Mais il faut que je vous parle de celui que nous surnommons « le lecteur ». Un numéro, ça ne s’invente pas. Régulier comme le carillon de Westminster, il se pointe tous les matins à la même heure.

On le voit venir de loin, avec ses habits — élimés, mais parfaitement agencés. Un adepte de la simplicité volontaire ? Qui sait ? Mais le plus étonnant, c’est de le voir s’asseoir sur un banc — toujours le même — et d’extirper de son veston un livre d’essai philosophique, un recueil de poèmes, un roman de Tremblay, des récits de Maupassant, une biographie de Stefan Zweig ou, les jours d’été, une lecture plus légère, un Louise Penny peut-être ? À l’instar de Lucky Luke, il mâchouille un brin d’herbe — il n’y a pas de petits plaisirs —, il lit une vingtaine de minutes, et lorsque nous repassons, il repart dans la direction opposée en nous gratifiant d’un salut bien senti. Dernièrement, nous avons échangé quelques mots. Insuffisants pour percer le mystère de cette intrigante mais bienveillante personne.

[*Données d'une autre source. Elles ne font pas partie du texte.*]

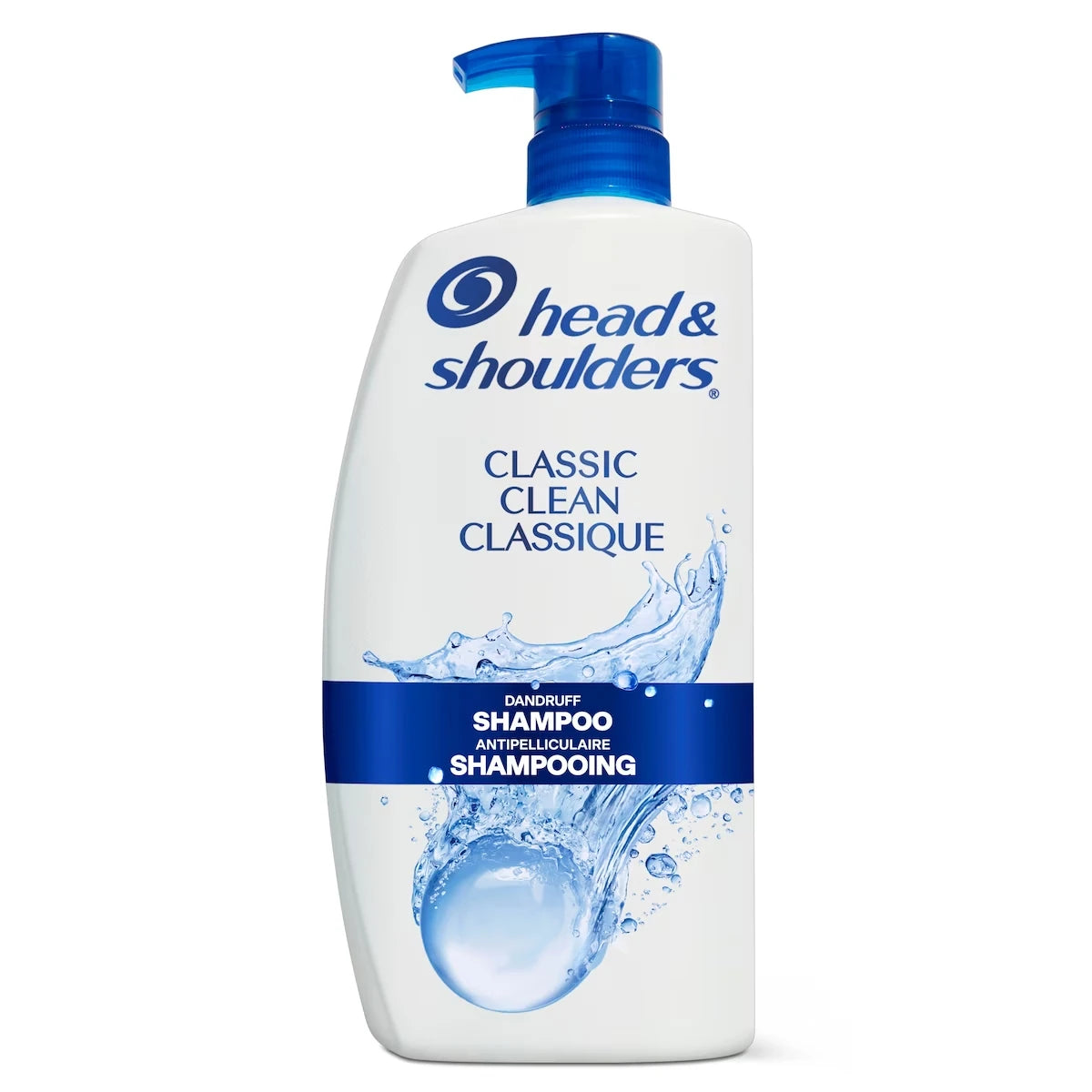 Head & Shoulders Classic Clean Shampoo view 2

Rue Laurier, c’est le ballet des mamans en route pour la garderie. Nous nous amusons de loin à départager les hexagonales des pure laine. C’est facile, me dit ma blonde : la couleur des vêtements. Elle ne se trompe jamais, l’accent en fait foi. Quoi qu’il en soit, leurs petits casés, tout ce beau monde se retrouve quelques minutes plus tard pour un croissant au café-comptoir.

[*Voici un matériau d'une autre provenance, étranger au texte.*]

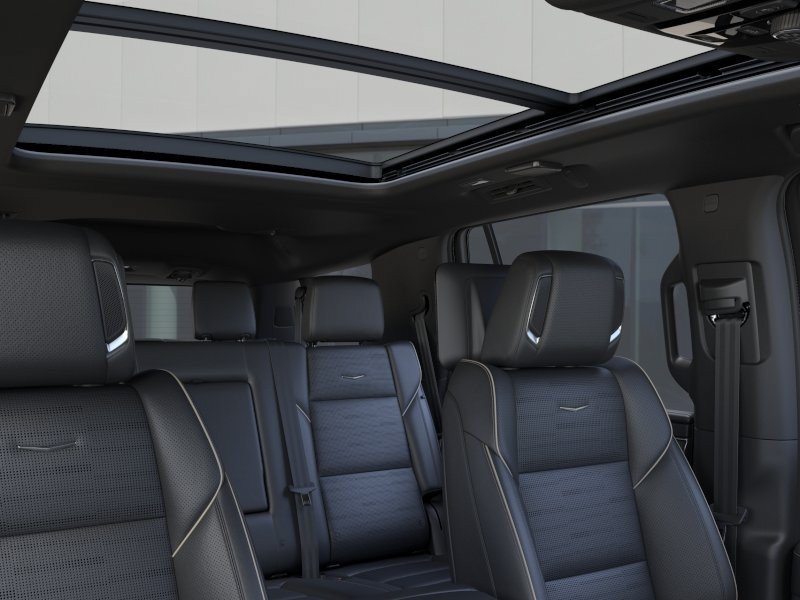 New 2027 Cadillac Escalade Sport w/ LPO, ONYX Package AWD/4WD image 25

Coin Garnier, il y a celui que nous surnommons le père Noël, un sans-abri très sympa, parfaitement digne. Certains jours, il décline toute offre d’aumône : « Je n’en ai pas besoin aujourd’hui ! »

Mais le clou de cette vadrouille matinale, du moins pour ma blonde, est la rencontre fortuite — lorsqu’il n’est pas à Houston — de l’astronaute David Saint-Jacques, que nous saluons discrètement.

Vingt-cinq minutes top chrono qui ont inspiré à celle qui m’accompagne de nouvelles réflexions panthéistes et à moi de réaligner mes chakras !

Quelques fruits, un second café et je suis prêt à commencer ma journée sur les chapeaux de roues.